===== Material supplied
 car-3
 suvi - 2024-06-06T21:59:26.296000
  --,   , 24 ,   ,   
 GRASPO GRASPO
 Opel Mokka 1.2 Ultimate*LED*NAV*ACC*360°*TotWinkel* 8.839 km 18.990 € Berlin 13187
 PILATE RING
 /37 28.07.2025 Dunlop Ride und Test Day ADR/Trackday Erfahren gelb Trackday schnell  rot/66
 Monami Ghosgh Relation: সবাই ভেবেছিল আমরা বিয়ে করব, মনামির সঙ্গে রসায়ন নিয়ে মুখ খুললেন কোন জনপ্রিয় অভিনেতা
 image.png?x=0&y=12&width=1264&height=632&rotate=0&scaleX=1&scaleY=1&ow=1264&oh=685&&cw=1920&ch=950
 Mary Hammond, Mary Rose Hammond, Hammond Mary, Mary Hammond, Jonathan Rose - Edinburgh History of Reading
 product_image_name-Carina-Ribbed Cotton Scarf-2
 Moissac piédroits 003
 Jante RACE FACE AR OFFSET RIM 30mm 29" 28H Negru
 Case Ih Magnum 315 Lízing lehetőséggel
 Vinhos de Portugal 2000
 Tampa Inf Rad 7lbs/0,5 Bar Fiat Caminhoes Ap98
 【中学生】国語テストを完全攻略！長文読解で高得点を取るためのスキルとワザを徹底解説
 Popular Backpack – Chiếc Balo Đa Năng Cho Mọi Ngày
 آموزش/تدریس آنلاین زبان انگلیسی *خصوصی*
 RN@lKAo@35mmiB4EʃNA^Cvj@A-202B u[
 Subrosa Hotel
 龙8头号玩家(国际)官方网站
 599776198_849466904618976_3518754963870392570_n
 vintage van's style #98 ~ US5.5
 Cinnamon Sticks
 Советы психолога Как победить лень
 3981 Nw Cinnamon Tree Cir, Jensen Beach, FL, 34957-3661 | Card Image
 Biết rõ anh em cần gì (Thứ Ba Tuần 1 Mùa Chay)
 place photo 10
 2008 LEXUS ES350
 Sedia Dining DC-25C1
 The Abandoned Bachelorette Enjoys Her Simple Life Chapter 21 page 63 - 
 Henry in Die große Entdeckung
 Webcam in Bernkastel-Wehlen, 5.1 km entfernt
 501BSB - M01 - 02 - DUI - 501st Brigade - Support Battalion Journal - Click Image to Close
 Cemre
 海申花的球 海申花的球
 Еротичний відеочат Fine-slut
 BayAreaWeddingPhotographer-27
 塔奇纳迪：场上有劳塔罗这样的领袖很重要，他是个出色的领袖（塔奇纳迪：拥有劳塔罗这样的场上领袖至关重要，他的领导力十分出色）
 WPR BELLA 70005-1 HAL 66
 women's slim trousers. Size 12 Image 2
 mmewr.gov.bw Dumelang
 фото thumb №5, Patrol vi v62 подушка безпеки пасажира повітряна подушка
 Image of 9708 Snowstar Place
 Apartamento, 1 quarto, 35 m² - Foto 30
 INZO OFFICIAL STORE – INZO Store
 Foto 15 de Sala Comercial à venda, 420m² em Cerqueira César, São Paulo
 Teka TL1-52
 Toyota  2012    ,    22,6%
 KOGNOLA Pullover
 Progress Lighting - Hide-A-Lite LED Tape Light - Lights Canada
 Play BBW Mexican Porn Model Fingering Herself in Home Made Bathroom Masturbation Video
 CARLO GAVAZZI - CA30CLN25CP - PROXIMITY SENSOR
==========
● Assignment: Scan the data above and report each line in which "Foto" is present.

● Your response:
 Apartamento, 1 quarto, 35 m² - Foto 30
 Foto 15 de Sala Comercial à venda, 420m² em Cerqueira César, São Paulo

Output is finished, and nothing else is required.